As businesses are developing rapidly, and IT infrastructures are constantly diversified, a single public / private cloud or a traditional on-premises datacenter is no longer able to meet service requirements in terms of costs, performance, scalability, security, and compatibility. Users are increasingly choosing hybrid clouds to meet their needs. Hybrid clouds take advantage of various clouds and traditional IT infrastructures and work systematically to benefit the users based on their service requirements.However, hybrid clouds pose new security risks, bringing a few challenges on security protection. This initiative aims to develop a security white paper specifying hybrid cloud security risks and countermeasures, helping users identify and reduce risk. This initiative proposes to provide suggestions on hybrid cloud governance, hybrid cloud threat profiles, and hybrid cloud security evaluation, guiding both users and cloud service providers to choose and provide secure hybrid cloud solutions, and promoting security planning and implementation.
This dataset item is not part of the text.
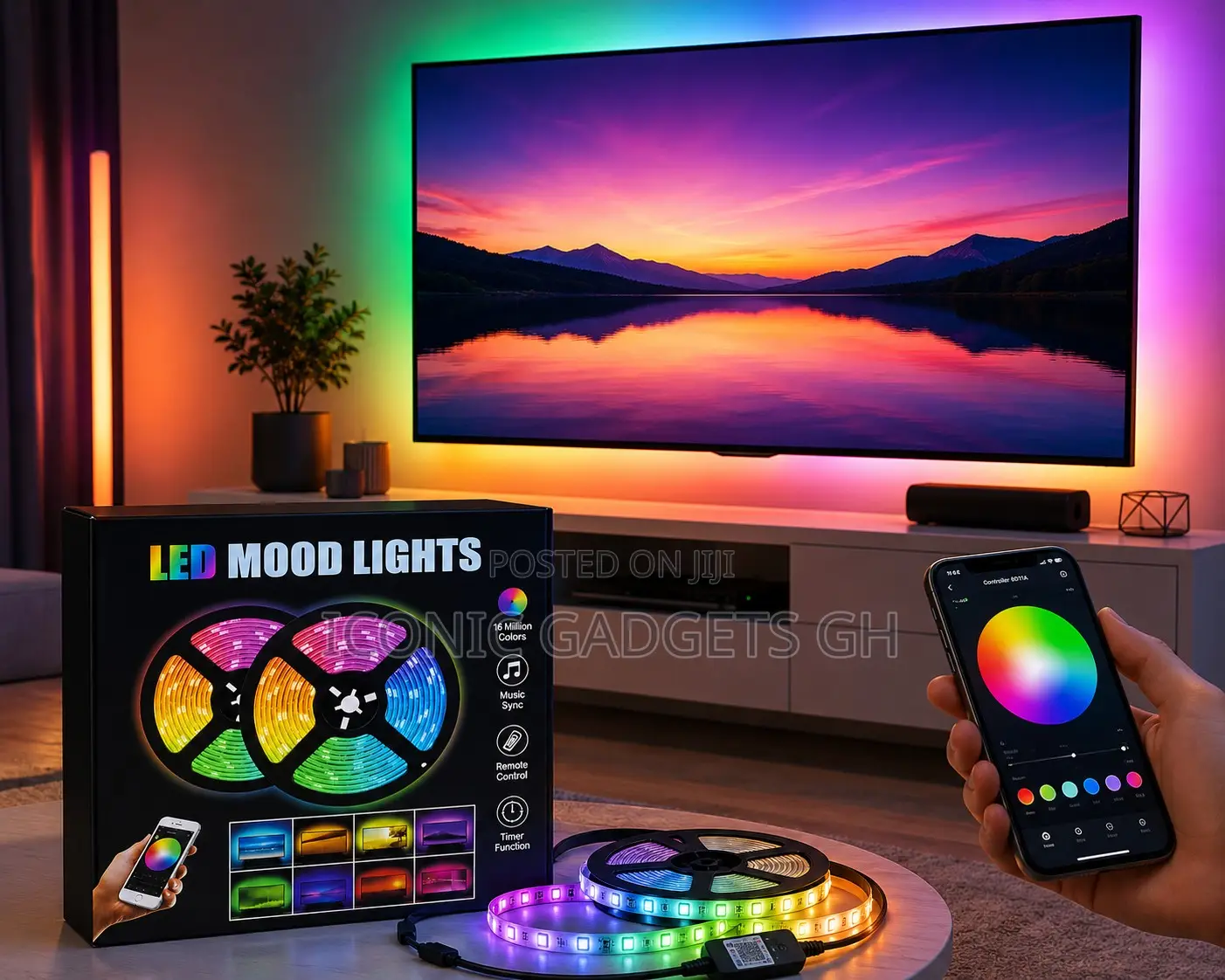 2m Smart Multi-color Led Strip Mood Lights With App Control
The “Software Defined Perimeter (SDP) protocol,” is designed to provide on-demand, dynamically provisioned, air-gapped networks. Air-gapped networks are trusted networks that are isolated from all unsecured networks and this may allow them to mitigate network-based attacks. The SDP protocol is based on workflows invented by the Department of Defense (DoD) and used by some Federal Agencies. Networks based on these workflows provide a higher level of security, but are thought to be very difficult to use compared to traditional enterprise networks.
 

The Software Defined Perimeter (SDP) has adapted the generalized DoD workflow but has modified it for commercial use and made it compatible with existing enterprise security controls. Where applicable, SDP has followed NIST guidelines on cryptographic protocols. SDP can be used in government applications such as enabling secure access to FedRAMP certified cloud networks as well as enterprise applications such as enabling secure mobile phone access to public clouds.

The CSA Open Certification WG is an industry initiative to allow global, accredited, trusted certification of cloud providers. It is a program for flexible, incremental and multi-layered cloud provider certification according to the CSA’s industry leading security guidance and control objectives. The program will integrate with popular third-party assessment and attestation statements developed within the public accounting community to avoid duplication of effort and cost.

The Trusted Cloud Initiative helps cloud providers develop industry-recommended, secure and interoperable identity, access and compliance management configurations, and practices. The Trusted Cloud Initiative will develop reference models and education in a vendor-neutral manner, inclusive of all CSA members and affiliates who wish to participate. The Trusted Cloud Initiative Reference Architecture is both a methodology and a set of tools that enable security architects, enterprise architects and risk management professionals to leverage a common set of solutions that fulfill their common needs to be able to assess where their internal IT and their cloud providers are in terms of security capabilities and to plan a roadmap to meet the security needs of their business.